Symphony / Nina Conti / Dracula

Edinburgh Castle, from Grassmarket

Event #29: Symphony without Orchestra
Once upon a time, long before MP3 players and LP vinyl fetishists, the only way to hear the great concert works was through home piano recitals. Symphonies and concertos (for almost any instrument) were commonly rendered as four-hand piano works, either because the composer worked out their ideas thus (Brahm, Dvorak, Stravinsky, ...) or because publication of such arrangements was an important mechanism for disseminating the work.

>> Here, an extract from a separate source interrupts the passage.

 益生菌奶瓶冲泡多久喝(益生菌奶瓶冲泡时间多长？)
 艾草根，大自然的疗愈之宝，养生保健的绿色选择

Today's lunchtime concert was Tchaikowsky's Symphony No.6 "Pathetique", begun in February 1893 and premiered in October that year, one week before the composer's death. The four able hands at the piano belonged to Stefan Warzycki and Adrian Sims, who really delivered an exciting reading of the work, especially in the third movement. A special round of applause for that effort.

My friend Rob put me onto the works of Jane Jacobs earlier this year. I just finished her slim but intensely rewarding volume "Cities and the Wealth of Nations" (1984). Really heady stuff, provocative and accessible. I have her "Dark Age Ahead"(2004) on my shelf, and look forward to reading her major work "The Death and Life of Great American Cities." (1961).

Event #30: Nina Conti: Complete and Utter Conti

I think I laughed more in the first 15 minutes of this ventriloquist show than in any other period during the festival. Nina's principal sidekick is a monkey, painfully "aware" of its existence as a ventriloquist's puppet. Nevertheless it attempts to take over the proceedings, hypnotising Nina so that she is "possessed" by her grandfather, also a ventriloquist, who "speaks" to his late wife in the kitchen. If you're following this, you can see there's a lot going on at one time; Nina does not restrict her voice-throwing to puppets on her arm.
She also plays a northern housewife, who is about to achieve her dream of becoming a mermaid, through the aid of a local butcher and a sturgeon with a beautiful tail. The mermaid-to-be claims that little will change in her life post-op, just a plunge-pool in the living room and getting the sofa laminated. Otherwise it will be telly and ciggies as usual.

In the close of the show, Monkey finally takes control of Nina's mind, forcing her to don a monkey-suit and hold a Nina puppet...

Event #31: Dracula / Black & White Rainbow

As far as I can tell, Black & White Rainbow is a company of young Cambridge graduates, led by Simon Evans. They're doing 2 plays and a close-up magic show for the Fringe. Tonight I saw "Dracula", a one-hour retelling of the original Bram Stoker story. Although rarely scary, the production plays up the sexual elements of blood and the vampire legend.

I was especially impressed by the unidentified actors playing Dracula and Lucy Westenra, his first victim. The staging was simple but effective, actors unused in a scene carried long mirrors to delineate a space or act as window shutters. The choreography for such a young company was also impressive, especially in a concluding fight scene.